Last Updated: Feb 1st 2010
Block BLOBs
- Max BLOB size: 200GB
- Max Block size: 4MB
- Max # of blocks: 50,000
- BLOB doesn't need to be created before blocks can be written
- Block IDs have to be base-64 and URL encoded
- All Block IDs (not a typo, IDs) must be the same length (up to 64 bytes)
- Blocks themselves do not need to be the same length
- Updating blocks does NOT update the last modified time of the BLOB
- Block operations cannot be performed on Page BLOBs
- Block must be commited after writing (else deleted after a week)
- PutBlockList controls the order of blocks in the blob rather than the block ID or
the order in which they were put.
- MSDN says: "optimized for streaming"
- Closing the stream uploads and commits blocks. Unclear if all blocks have to be
memory before any are updated.
Page BLOBs
- Operations must align to both ends of the 512 boundary
- Max put in a single put: 4MB. Contrary docs.
- Max BLOB size: 1TB. Only charged for pages used in it.
- Page ranges can be clear through a special header rather than sending empty data.
Unclear if this is bounded by the 4MB limit (probably not).
- Cleared pages are 'no longer tracked as part of the BLOB'
- Special failure case handling needed around 'Page Blob Sequence Number'
to avoid retry issues
- Writes are automatically committed.
- MSDN says: "optimized for random read/write"
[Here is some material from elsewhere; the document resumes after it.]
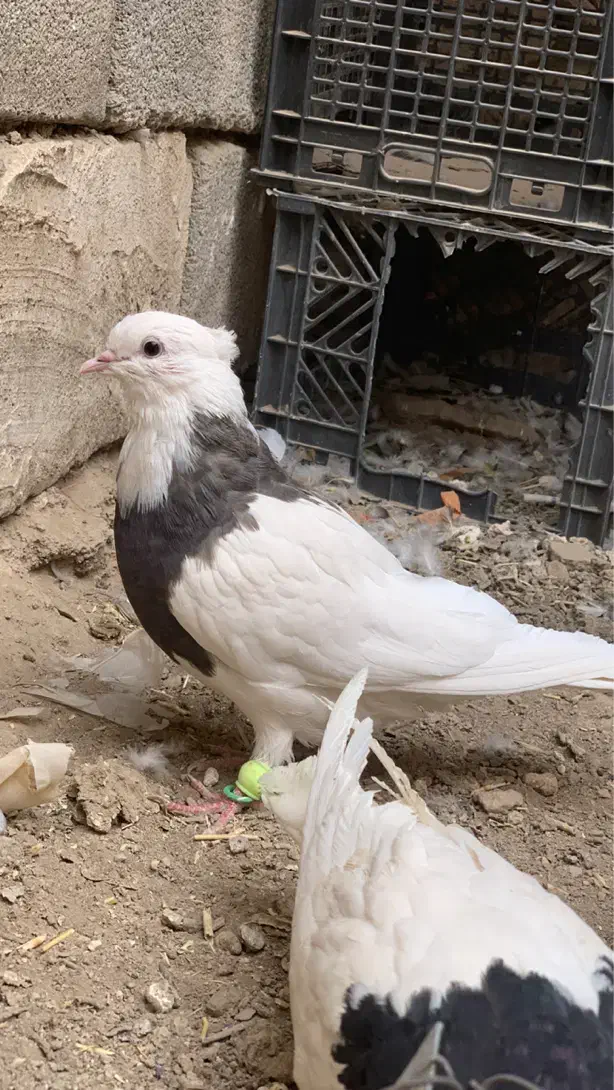 کفتر طوقی|پرنده|دهگلان, |دیوار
- Backing store for XDrive
- GetPageRanges to avoid downloading empty parts of sparse blobs
- GetBlob(from, to) does not have to be 512 aligned
- OpenWrite throws ‘NotImplemented’ if called on Page BLOBs. (OpenRead is fine)
- Known Bug: GetPageRanges does not set EndOffset. Update: Known bug in Azure ‘high-end’
API wrappers. REST API returns correct values.
Misc
- Leases last 1 min and apply to writes only
- Leasing not supported by the wrappers (REST only)
- Container Metadata: 8KB per container, so no use here.
- Blob Metadata: 8KB per blob (not verified, no details in MSDN). May be better than
reserving pages at the start of the file. Probably not backed up by GFS. Can be
read / written with the blobs under some circumstances
- GetBlob(from, to) over a sparse page blob would make generating summaries easy.
Might be expensive (streaming zeros)
- App probably needs an inexpensive way of finding the min and max dates for which
we have data
XDrive
- Page Blob formatted as NTFS VHF.
- Each VM limited to 8 of these drives
- Each drive limited to 1TB
- Each drive limited to one VM at a time. Snapshots can be mounted by multiple VMs
as read-only drives
Questions
- XDrive VHD? Where is the work done? (for example, if I write 10 bytes, does 10 bytes
go to the cloud or does the client download the page, write 10 bytes, upload the
page?
- Storage account limited to 100TB. While we are not charged for empty pages, do they
contribute towards this limit?
- Does OpenWrite support append?
- Efficiency of reading lots of pages at once